» What you have to do: Transcribe each record word for word. Skip the images.

[Caption-style text data]
##############################
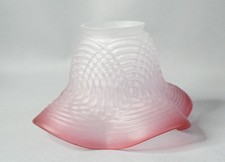 Art Nouveau Organic Victorian Cranberry Satin Glass Lamp Shade Bell Ruffled Rim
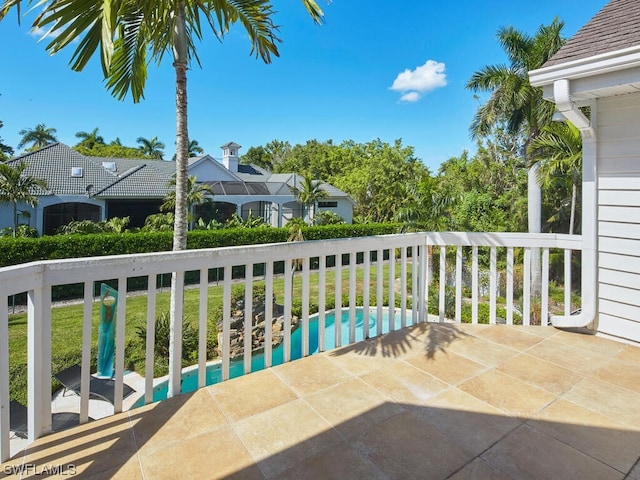 balcony featuring a patio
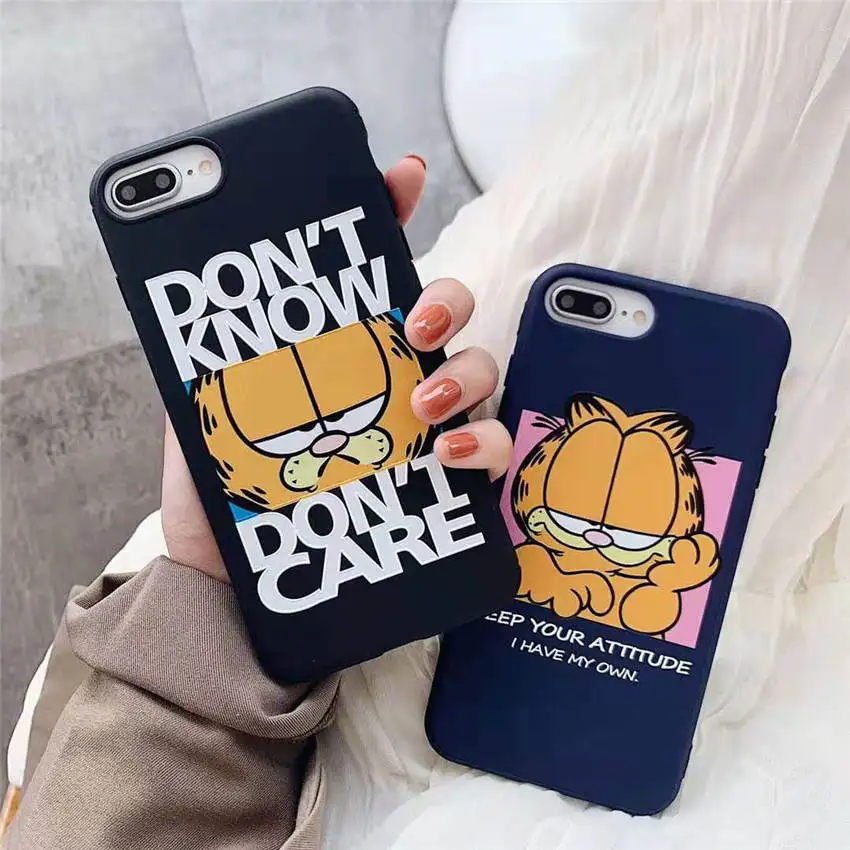 For iPhone XR XS MAX 8 7 6s Plus Phone Cases Full Back Covers Funny Yellow Garfield Lazy Cats Cartoons Pattern Fundas Coque Capa |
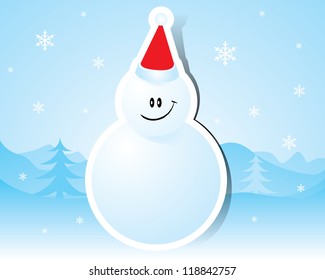 Christmas card with snowman vector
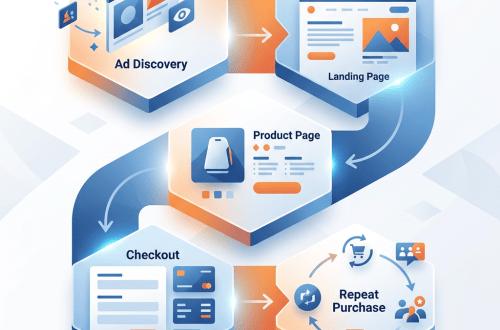 Diagram labeled Ad Discovery, Landing Page, Product Page, Checkout, and Repeat Purchase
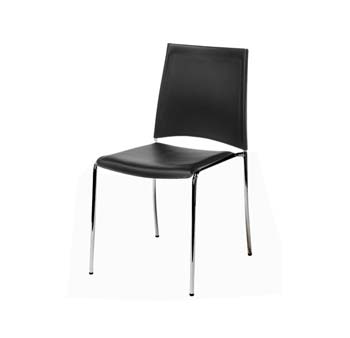 Furniture123 Salemo Dining Chair in Black (set of 4) - WHILE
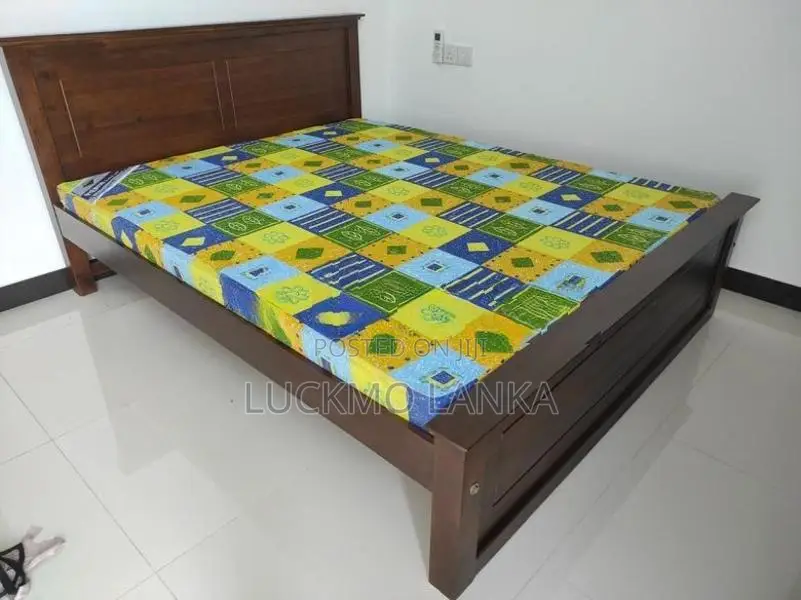 Brand New 6 X5 Teak Box Bed with Double Layer Mattress / 009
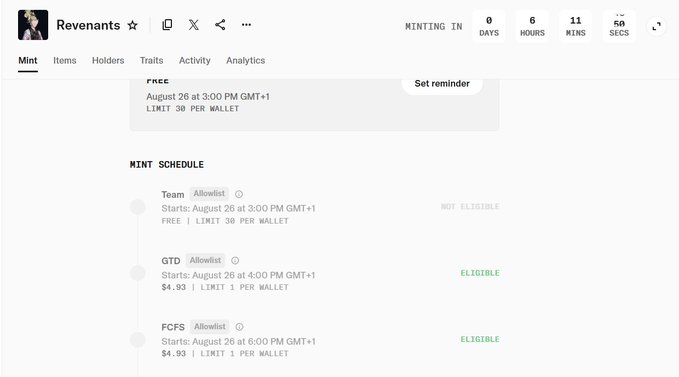 A webpage for a 'Revenants' NFT mint event showing the mint starting on August 26 with schedules for Team (Free), GTD ($4.93), and FCFS ($4.93) rounds, with the GTD and FCFS rounds marked 'ELIGIBLE'.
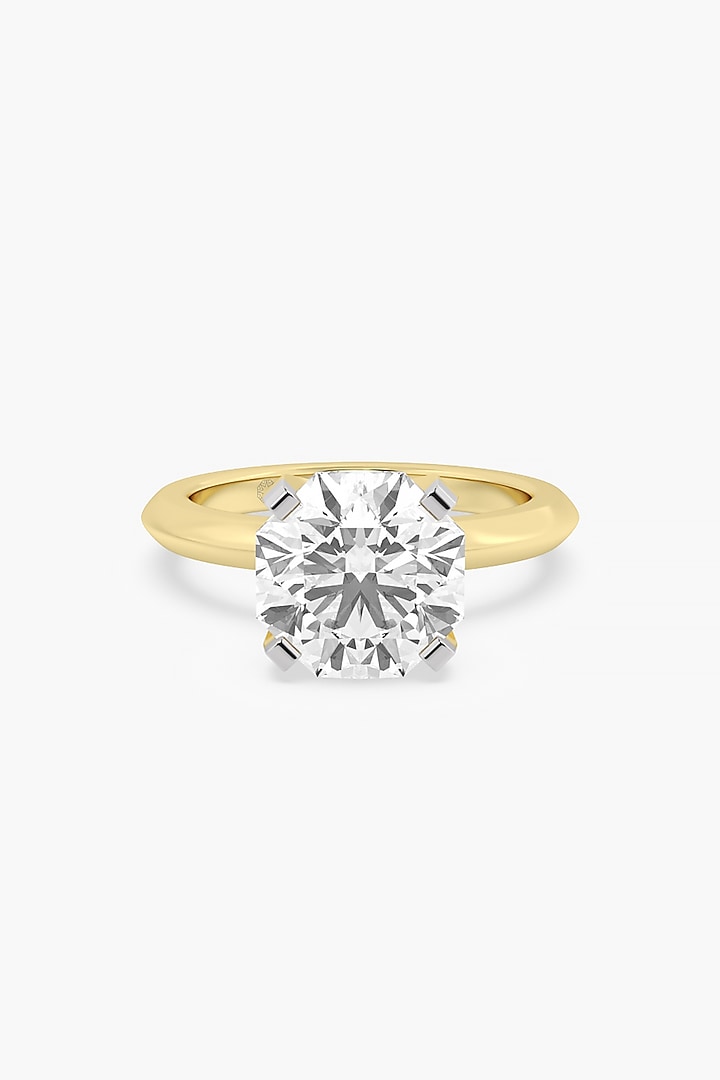 14kt Yellow Gold Finish 4 Prong Lab Grown Ashth-Cut Diamond Ring by ASHTH at Pernia's Pop Up Shop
##############################
» Task output:
 Art Nouveau Organic Victorian Cranberry Satin Glass Lamp Shade Bell Ruffled Rim
 balcony featuring a patio
 For iPhone XR XS MAX 8 7 6s Plus Phone Cases Full Back Covers Funny Yellow Garfield Lazy Cats Cartoons Pattern Fundas Coque Capa |
 Christmas card with snowman vector
 Diagram labeled Ad Discovery, Landing Page, Product Page, Checkout, and Repeat Purchase
 Furniture123 Salemo Dining Chair in Black (set of 4) - WHILE
 Brand New 6 X5 Teak Box Bed with Double Layer Mattress / 009
 A webpage for a 'Revenants' NFT mint event showing the mint starting on August 26 with schedules for Team (Free), GTD ($4.93), and FCFS ($4.93) rounds, with the GTD and FCFS rounds marked 'ELIGIBLE'.
 14kt Yellow Gold Finish 4 Prong Lab Grown Ashth-Cut Diamond Ring by ASHTH at Pernia's Pop Up Shop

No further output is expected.